Scotland's jaw was clenched, shoulders square but he'd already looked away: he'd already conceded to Soren and Norway wasn't going to let him leave this room with any illusions about the outcome. The burning was gone. The twisting, itching pains had left him. His mind was clear and the buzzing of broken words had calmed down to nothing.
A staff member had been directly harmed by his actions, yes, but Soren had done it to attack the actual threat that had presented itself. He was absolved. Even if the letter of the law had been violated, the spirit of the agreement held. He couldn't ask for better than that.
So Scotland looked at him. He put on a brave façade but he was rapidly withdrawing, his tongue caged behind his teeth where it belonged. Soren chose his final comment very carefully:
"The words you are looking for, my friend," he softly uttered, "are thank you."

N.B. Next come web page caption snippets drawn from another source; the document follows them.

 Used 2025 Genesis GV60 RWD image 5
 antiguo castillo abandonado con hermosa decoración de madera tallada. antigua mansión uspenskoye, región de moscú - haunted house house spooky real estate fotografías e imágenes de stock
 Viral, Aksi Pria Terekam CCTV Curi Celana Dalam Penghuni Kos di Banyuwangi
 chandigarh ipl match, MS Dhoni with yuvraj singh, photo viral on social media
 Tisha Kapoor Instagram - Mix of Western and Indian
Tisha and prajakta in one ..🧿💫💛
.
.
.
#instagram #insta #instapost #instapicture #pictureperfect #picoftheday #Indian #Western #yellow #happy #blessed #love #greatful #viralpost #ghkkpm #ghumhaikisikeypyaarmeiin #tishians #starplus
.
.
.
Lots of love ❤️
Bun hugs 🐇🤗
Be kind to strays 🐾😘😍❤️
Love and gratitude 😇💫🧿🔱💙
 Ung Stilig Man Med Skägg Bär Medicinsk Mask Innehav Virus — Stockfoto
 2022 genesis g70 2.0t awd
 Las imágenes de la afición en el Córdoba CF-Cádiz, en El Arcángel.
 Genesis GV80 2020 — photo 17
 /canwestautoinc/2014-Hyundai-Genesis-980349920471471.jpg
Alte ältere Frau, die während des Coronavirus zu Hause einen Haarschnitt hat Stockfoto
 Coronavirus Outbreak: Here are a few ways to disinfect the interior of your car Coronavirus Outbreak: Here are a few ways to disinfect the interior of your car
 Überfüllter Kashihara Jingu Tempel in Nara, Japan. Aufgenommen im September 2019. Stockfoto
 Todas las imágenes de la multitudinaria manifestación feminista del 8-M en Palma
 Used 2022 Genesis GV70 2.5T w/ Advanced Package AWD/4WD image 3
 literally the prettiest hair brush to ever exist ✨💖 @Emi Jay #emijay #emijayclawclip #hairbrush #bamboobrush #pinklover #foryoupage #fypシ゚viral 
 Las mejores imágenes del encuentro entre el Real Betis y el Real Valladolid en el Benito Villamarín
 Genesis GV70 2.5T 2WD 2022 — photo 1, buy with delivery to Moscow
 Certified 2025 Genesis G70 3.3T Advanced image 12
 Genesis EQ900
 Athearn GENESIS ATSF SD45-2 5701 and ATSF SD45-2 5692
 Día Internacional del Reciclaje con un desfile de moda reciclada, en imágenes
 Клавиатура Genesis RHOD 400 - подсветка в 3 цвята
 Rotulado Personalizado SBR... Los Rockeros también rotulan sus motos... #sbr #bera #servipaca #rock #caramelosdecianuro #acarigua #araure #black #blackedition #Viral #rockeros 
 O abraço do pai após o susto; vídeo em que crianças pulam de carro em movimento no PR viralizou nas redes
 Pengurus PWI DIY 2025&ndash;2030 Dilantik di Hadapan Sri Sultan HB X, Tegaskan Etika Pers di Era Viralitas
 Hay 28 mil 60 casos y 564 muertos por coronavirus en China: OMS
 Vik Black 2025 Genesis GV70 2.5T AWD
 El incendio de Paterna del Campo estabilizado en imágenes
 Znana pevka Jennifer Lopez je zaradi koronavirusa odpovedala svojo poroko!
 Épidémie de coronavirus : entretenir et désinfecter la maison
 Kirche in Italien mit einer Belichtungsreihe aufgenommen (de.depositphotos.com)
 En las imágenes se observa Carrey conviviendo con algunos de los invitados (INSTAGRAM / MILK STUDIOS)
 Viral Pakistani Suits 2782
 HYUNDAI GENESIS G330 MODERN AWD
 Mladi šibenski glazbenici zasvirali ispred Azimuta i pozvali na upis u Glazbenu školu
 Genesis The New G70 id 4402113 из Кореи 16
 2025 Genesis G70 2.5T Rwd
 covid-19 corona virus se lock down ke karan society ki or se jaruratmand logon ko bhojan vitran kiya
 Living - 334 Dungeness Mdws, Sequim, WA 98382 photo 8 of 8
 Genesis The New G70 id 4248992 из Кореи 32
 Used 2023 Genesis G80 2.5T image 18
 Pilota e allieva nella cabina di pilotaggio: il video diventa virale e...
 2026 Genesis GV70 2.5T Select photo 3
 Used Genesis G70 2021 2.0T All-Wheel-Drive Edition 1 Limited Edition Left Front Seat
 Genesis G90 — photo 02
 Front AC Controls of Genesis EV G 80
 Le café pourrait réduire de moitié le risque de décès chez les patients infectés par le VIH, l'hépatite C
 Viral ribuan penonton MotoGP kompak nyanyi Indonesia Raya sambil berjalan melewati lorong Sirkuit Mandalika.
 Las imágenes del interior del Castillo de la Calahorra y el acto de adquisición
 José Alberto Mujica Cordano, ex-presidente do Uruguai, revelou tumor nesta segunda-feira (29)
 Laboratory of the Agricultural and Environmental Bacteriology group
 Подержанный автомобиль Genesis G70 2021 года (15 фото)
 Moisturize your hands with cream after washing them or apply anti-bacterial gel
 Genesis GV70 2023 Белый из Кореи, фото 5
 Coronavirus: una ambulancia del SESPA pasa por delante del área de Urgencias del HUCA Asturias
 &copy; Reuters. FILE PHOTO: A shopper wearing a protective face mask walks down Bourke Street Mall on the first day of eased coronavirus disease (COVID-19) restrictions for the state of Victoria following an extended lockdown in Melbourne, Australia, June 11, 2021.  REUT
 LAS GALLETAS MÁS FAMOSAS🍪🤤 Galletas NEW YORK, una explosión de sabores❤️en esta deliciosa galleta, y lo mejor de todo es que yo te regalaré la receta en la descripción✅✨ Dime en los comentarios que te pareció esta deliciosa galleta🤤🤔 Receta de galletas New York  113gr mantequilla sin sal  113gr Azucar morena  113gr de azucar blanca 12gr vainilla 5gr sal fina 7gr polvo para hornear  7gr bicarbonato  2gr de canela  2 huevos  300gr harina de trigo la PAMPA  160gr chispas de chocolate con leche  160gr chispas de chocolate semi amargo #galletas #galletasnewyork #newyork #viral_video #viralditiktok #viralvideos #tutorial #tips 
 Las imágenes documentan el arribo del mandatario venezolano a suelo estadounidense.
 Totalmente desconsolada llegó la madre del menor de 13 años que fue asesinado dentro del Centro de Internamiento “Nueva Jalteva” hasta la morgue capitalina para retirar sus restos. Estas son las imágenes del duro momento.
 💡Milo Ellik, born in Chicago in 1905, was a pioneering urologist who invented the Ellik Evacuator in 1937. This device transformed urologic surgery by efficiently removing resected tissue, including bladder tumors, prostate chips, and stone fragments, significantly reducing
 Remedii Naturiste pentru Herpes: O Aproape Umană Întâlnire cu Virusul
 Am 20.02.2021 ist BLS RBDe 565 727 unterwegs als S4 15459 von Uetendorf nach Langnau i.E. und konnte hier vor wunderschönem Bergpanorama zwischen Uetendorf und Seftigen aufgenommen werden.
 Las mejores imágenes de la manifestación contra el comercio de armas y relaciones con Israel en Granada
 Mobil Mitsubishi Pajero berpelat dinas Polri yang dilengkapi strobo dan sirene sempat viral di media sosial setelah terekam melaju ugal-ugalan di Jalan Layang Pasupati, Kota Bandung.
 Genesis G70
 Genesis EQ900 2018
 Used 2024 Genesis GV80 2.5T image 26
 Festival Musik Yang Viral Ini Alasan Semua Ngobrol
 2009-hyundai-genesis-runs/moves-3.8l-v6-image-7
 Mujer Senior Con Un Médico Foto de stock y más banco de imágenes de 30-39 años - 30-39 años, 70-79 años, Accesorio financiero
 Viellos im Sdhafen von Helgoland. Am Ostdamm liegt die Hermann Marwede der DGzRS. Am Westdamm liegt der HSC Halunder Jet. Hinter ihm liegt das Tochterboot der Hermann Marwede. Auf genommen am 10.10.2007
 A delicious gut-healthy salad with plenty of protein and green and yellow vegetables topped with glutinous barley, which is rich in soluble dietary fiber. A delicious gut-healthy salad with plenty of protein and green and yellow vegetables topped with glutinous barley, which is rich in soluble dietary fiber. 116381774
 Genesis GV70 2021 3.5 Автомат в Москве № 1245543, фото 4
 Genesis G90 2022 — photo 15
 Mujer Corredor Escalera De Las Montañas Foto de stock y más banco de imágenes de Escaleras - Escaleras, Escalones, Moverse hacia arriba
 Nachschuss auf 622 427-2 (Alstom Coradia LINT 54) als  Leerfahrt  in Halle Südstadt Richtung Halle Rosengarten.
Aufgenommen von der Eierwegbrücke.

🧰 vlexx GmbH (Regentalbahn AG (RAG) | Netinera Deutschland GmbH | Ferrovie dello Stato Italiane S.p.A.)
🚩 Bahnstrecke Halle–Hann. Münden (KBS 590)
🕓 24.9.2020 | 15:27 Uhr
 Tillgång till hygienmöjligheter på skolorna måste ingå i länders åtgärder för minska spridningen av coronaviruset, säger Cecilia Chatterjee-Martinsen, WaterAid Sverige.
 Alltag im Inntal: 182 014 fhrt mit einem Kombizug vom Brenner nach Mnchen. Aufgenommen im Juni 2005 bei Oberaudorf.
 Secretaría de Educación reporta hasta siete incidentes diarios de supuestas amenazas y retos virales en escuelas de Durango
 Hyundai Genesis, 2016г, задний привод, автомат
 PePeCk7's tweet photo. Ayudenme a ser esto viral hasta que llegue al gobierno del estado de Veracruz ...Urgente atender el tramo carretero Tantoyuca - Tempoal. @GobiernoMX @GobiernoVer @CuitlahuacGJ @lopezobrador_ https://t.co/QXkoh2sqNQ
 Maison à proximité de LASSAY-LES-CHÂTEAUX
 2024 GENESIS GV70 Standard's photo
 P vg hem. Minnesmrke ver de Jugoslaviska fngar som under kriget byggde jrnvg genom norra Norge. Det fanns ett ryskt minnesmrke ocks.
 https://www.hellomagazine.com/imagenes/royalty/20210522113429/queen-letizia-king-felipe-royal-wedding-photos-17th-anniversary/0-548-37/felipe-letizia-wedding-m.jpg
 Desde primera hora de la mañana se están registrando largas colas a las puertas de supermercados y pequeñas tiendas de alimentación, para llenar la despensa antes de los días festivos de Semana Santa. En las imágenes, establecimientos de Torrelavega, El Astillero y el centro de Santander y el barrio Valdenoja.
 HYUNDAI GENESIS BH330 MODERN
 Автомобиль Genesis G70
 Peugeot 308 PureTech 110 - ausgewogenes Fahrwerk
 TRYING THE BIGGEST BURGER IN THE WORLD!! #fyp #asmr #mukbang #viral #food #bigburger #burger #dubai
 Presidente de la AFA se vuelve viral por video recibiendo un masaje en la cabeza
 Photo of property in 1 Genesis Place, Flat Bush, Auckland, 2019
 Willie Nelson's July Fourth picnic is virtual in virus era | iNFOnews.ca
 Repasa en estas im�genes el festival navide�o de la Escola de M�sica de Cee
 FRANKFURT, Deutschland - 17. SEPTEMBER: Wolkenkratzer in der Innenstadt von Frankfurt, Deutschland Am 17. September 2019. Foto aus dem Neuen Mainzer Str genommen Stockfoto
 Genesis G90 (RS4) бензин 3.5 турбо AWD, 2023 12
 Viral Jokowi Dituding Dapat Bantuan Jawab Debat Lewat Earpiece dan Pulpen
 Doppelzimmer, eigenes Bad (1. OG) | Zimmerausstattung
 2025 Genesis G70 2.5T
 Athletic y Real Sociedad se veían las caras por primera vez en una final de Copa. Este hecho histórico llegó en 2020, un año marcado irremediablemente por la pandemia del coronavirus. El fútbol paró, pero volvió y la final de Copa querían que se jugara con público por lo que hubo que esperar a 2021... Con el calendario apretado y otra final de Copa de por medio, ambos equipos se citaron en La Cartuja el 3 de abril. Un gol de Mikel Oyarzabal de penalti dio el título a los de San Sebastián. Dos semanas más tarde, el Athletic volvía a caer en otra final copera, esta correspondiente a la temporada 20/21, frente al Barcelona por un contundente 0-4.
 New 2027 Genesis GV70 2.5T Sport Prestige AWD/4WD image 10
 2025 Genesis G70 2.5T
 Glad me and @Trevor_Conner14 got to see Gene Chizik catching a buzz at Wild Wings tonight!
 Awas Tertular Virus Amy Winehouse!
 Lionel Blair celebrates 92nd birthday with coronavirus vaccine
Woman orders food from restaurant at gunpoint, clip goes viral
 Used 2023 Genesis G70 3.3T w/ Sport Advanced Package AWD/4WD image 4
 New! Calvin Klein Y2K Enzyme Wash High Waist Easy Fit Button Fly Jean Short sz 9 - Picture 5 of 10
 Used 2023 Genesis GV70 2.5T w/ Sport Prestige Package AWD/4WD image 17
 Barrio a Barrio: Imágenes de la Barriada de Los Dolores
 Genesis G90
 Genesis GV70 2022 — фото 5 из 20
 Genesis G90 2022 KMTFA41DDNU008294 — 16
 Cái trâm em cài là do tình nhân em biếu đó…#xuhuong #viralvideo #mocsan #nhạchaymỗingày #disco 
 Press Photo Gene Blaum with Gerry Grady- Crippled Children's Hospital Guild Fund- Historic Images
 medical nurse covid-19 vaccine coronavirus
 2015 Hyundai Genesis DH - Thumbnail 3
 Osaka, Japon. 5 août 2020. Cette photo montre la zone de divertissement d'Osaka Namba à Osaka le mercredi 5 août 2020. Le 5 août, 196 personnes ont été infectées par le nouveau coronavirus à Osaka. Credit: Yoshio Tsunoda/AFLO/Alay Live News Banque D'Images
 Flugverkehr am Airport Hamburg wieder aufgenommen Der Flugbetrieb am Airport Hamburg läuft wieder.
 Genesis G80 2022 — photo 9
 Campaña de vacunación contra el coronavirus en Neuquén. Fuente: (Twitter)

Scotland was stone-faced and it was his turn to barely breathe. Soren didn't have enough left in him to care if it was anger or embarrassment keeping him quiet, he was satisfied just watching Scotland take longer and longer to try and come up with anything worth saying.
"…I want you out of my school."
"Prepare your final report then," Soren countered, knowing he asked the impossible. "Wrap it up completely. Leave nothing out. Have it on my desk and I'll be on my way." And at the pace of the British magical bureaucracy? Soren would be here for months yet. "Get your house in order before you try telling me what to do again."
An angry bruise coloured Scotland's face for a moment, but he didn't offer a rebuttal. He didn't have one. There was nothing the other nation could, in fact, say. So Norway said it for him:
"You may go."
So Scotland left with Weasley and Soren sat back down. He could breathe and let his anger go, and when Pansy and Dennis came to his side to start with their own questions and demands, he knew not to snap at them because he had earned the scrutiny. So he weathered it and wondered why Gryffindor's sword was back at his side, between the blankets, exactly the way he'd found it.